Diplomatik kaynaklar, Mısır’ın Libya’yla deniz yan sınırını tek taraflı olarak belirlemesi konusunda, iki ülkenin biran evvel diyalog ve müzakere başlatması ve karşılıklı mutabakat temelinde BM Şartı’nın 33. maddesine göre Uluslararası Adalet Divanı dahil barışçı yöntemlere başvurulmasını teşvik ettiklerini bildirdi.
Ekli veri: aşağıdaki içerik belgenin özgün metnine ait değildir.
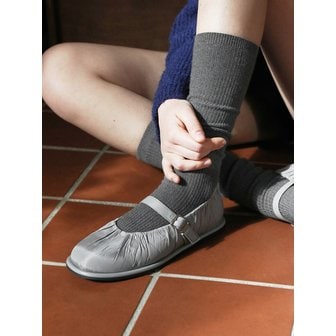 사뿐 모에카 털안감 플랫슈즈 (1.5cm)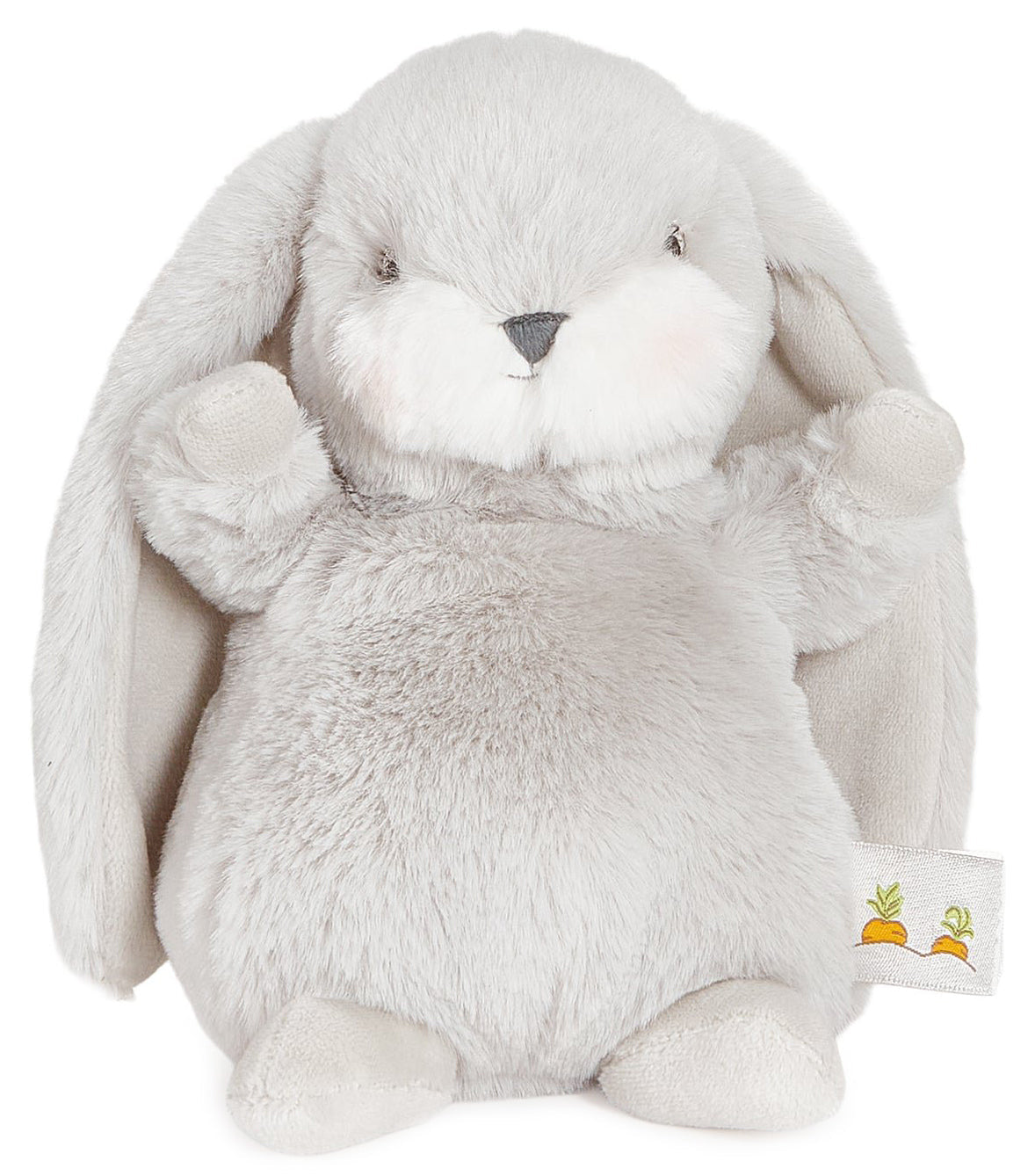 Bunnies by the Bay Tiny Standing Nibble Bunny - Grey (20cm)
Libya’nın Ulusal Mutabakat Hükümeti ile Türkiye arasında 27 Kasım 2019 tarihinde ‘Akdeniz’de Deniz Yetki Alanlarının Sınırlandırılması Anlaşması’ imzalanmıştı. İki ülke arasında imzalanan antlaşmayla birlikte Akdeniz’in doğu bölgesine yeni bir dinamik getirilmişti. Mısır ise 11 Aralık tarihinde 9 coğrafi koordinatla tek taraflı olarak Libya’yla deniz yan sınırı belirlemişti. Konuyla ilgili diplomatik kaynaklardan edinilen bilgiye göre, Mısır’ın tek taraflı olarak belirlediği Libya’yla deniz yan sınırının Türkiye’nin Doğu Akdeniz’deki kıta sahanlığını ihlal etmediği öğrenildi. Kaynaklardan edinilen bilgiye göre, söz konusu deniz yan sınırının hangi sınırlandırma metoduyla belirlendiğinin, özel/ilgili coğrafi koşulların dikkate alınıp alınmadığının ve hakkaniyet ilkesine tümüyle riayet edilip edilmediğinin belli olmadığı bildirildi. Kaynaklar ayrıca, söz konusu deniz yan sınırı çizgisi iki ülke ana karaları arasındaki ortay hattın batısında çizildiği için Libya’nın kıta sahanlığı haklarını ihlal ettiğini vurguladı. Libya, Mısır’ın yayınladığı bu Cumhurbaşkanlığı Kararnamesi’yle haklarının ihlal edildiği yönünde 16 Aralık tarihinde bir açıklamada bulunmuştu.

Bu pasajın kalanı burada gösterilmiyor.